++++ Records for this exercise ++++
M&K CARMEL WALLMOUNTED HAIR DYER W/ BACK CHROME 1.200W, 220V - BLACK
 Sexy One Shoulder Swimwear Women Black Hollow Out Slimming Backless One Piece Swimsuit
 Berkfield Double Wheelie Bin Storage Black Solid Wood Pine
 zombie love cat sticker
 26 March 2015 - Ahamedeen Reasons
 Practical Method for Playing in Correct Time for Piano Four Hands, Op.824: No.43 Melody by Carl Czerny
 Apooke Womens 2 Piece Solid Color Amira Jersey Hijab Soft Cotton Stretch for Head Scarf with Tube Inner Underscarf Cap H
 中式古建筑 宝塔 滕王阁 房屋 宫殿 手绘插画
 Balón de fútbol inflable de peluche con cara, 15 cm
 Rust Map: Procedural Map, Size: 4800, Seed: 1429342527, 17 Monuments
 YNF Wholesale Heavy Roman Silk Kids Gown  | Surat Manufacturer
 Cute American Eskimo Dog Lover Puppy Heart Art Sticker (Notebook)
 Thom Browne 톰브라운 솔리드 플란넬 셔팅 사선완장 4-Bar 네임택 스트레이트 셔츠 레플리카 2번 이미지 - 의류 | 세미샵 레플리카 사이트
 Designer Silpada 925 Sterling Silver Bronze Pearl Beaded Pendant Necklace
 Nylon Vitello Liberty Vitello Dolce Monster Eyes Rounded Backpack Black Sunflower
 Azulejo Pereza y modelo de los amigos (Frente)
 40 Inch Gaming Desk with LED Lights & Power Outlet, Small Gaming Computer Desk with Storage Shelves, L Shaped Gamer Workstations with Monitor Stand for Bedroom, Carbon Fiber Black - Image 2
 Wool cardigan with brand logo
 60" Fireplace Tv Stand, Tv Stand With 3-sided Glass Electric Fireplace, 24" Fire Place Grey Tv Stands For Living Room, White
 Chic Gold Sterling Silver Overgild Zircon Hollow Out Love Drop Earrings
++++
* _Exercise description_:
The expected answer is an exact copy of the lines beginning at the one with "Azulejo Pereza y" and running to the end of the entries above.

* _Answer for this exercise_:
 Azulejo Pereza y modelo de los amigos (Frente)
 40 Inch Gaming Desk with LED Lights & Power Outlet, Small Gaming Computer Desk with Storage Shelves, L Shaped Gamer Workstations with Monitor Stand for Bedroom, Carbon Fiber Black - Image 2
 Wool cardigan with brand logo
 60" Fireplace Tv Stand, Tv Stand With 3-sided Glass Electric Fireplace, 24" Fire Place Grey Tv Stands For Living Room, White
 Chic Gold Sterling Silver Overgild Zircon Hollow Out Love Drop Earrings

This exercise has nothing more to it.